● **TASK TO CARRY OUT**
Output the whole listing exactly, except for the pictures in it.

● **DATA SEGMENT**
== Segment start ==
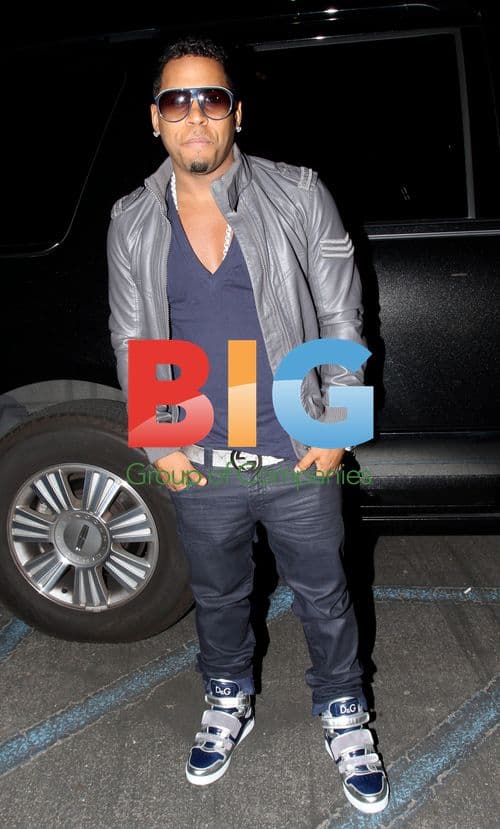 Bobby Valentino Arriving at Concert in Ontario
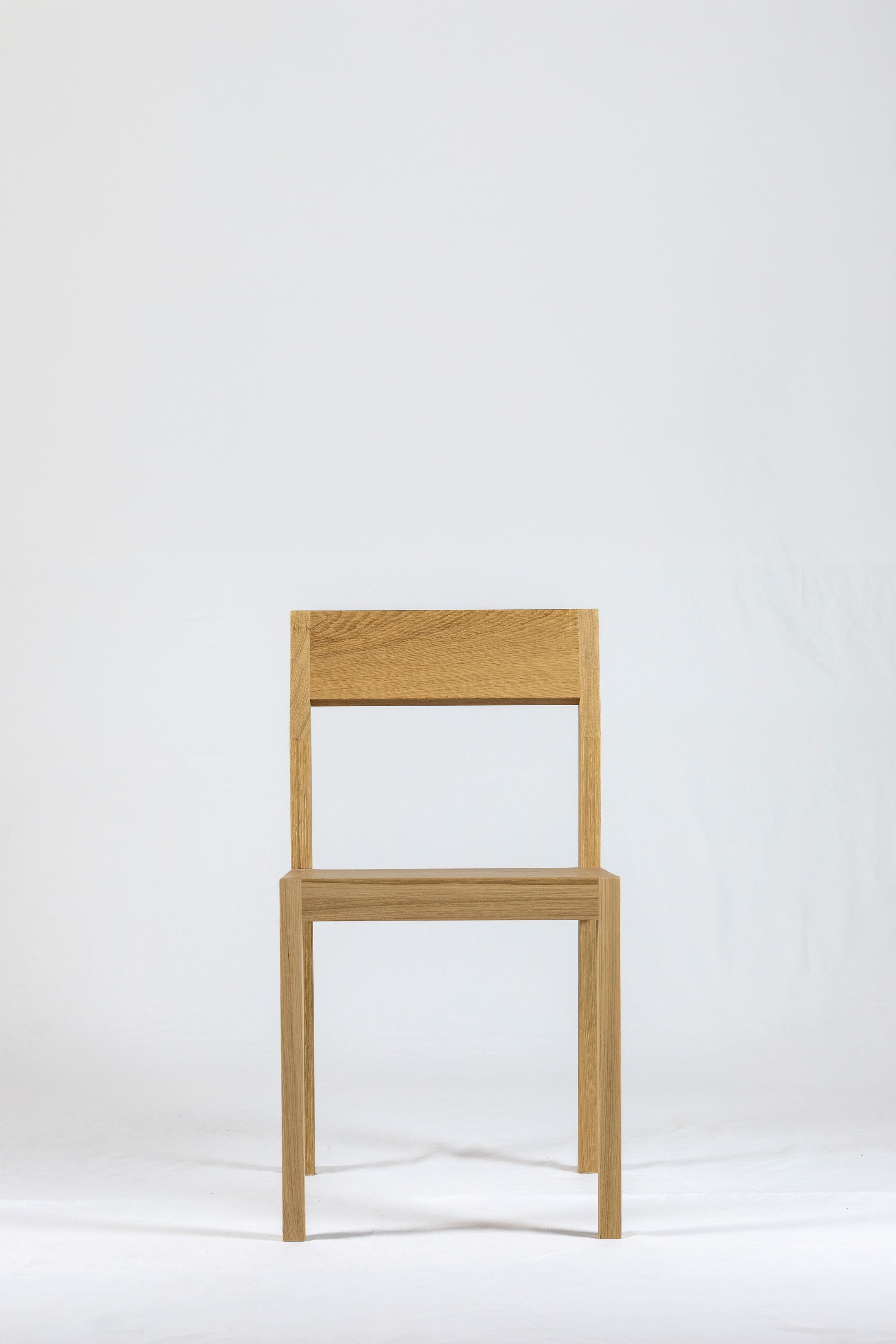 Minimalistischer Eichenstuhl Bjørn (781M) – Massivholz, zeitloses Design, ergonomisch & bequem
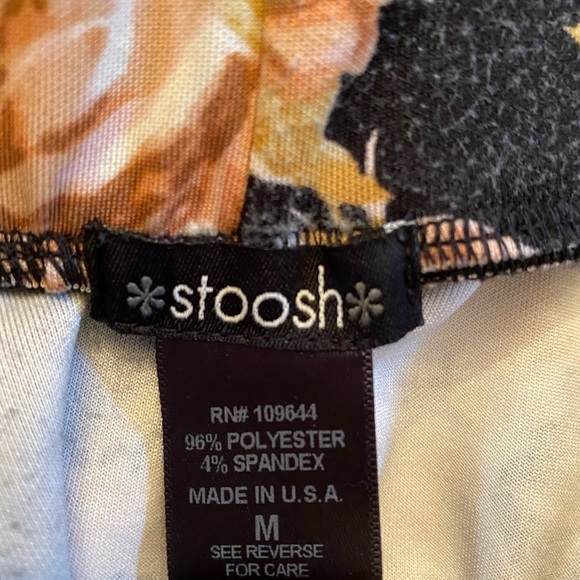 Floral skirt with flared bottom. - Picture 3 of 4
== Segment end ==
● **EXERCISE RESPONSE**
 Bobby Valentino Arriving at Concert in Ontario
 Minimalistischer Eichenstuhl Bjørn (781M) – Massivholz, zeitloses Design, ergonomisch & bequem
 Floral skirt with flared bottom. - Picture 3 of 4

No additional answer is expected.